Task brief: Skip pictures in the listing below; copy exactly the lines from the one with "Furnished interior view" through the one with "Huang qi Chinese", inclusive.

Record extracts:
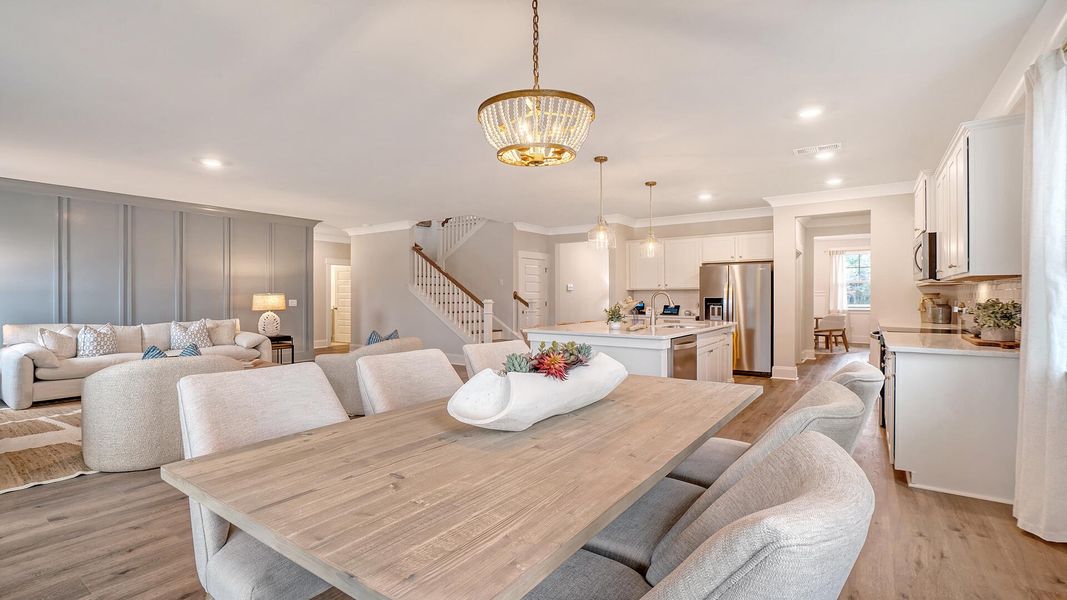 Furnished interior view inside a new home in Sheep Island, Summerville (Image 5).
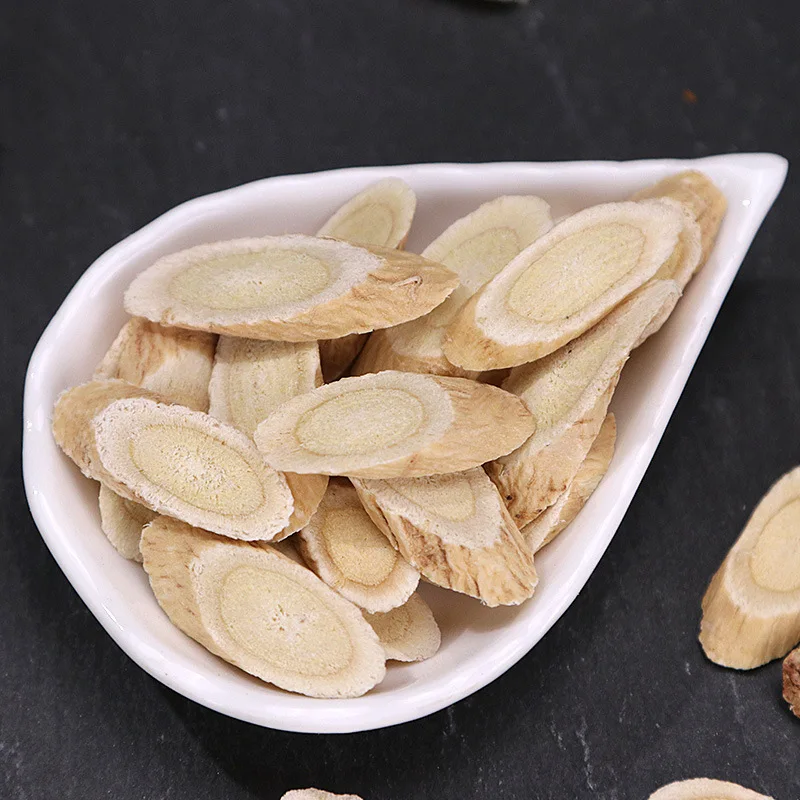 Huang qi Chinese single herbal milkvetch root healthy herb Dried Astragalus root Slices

...

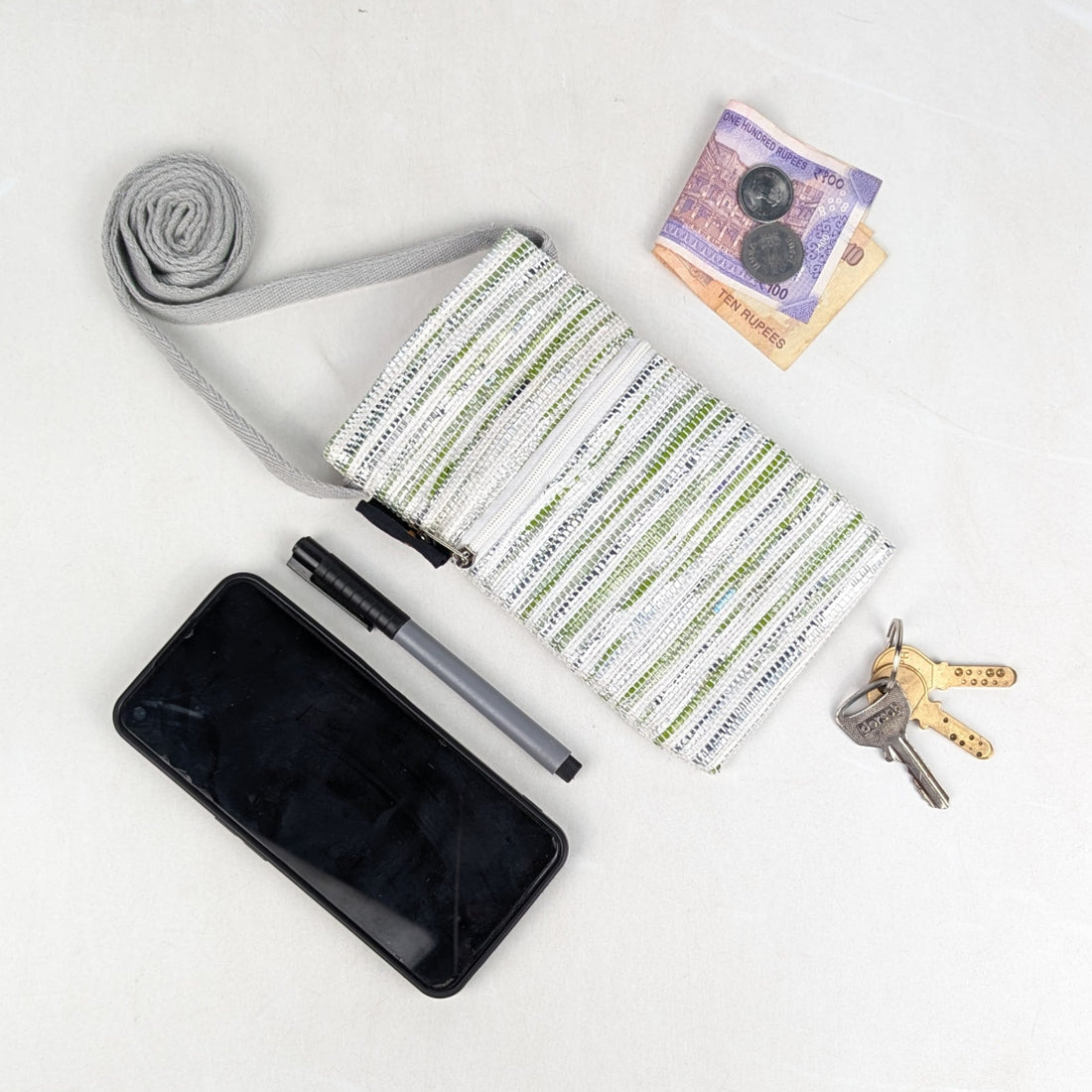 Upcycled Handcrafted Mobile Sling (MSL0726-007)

Exercise solution:
 Furnished interior view inside a new home in Sheep Island, Summerville (Image 5).
 Huang qi Chinese single herbal milkvetch root healthy herb Dried Astragalus root Slices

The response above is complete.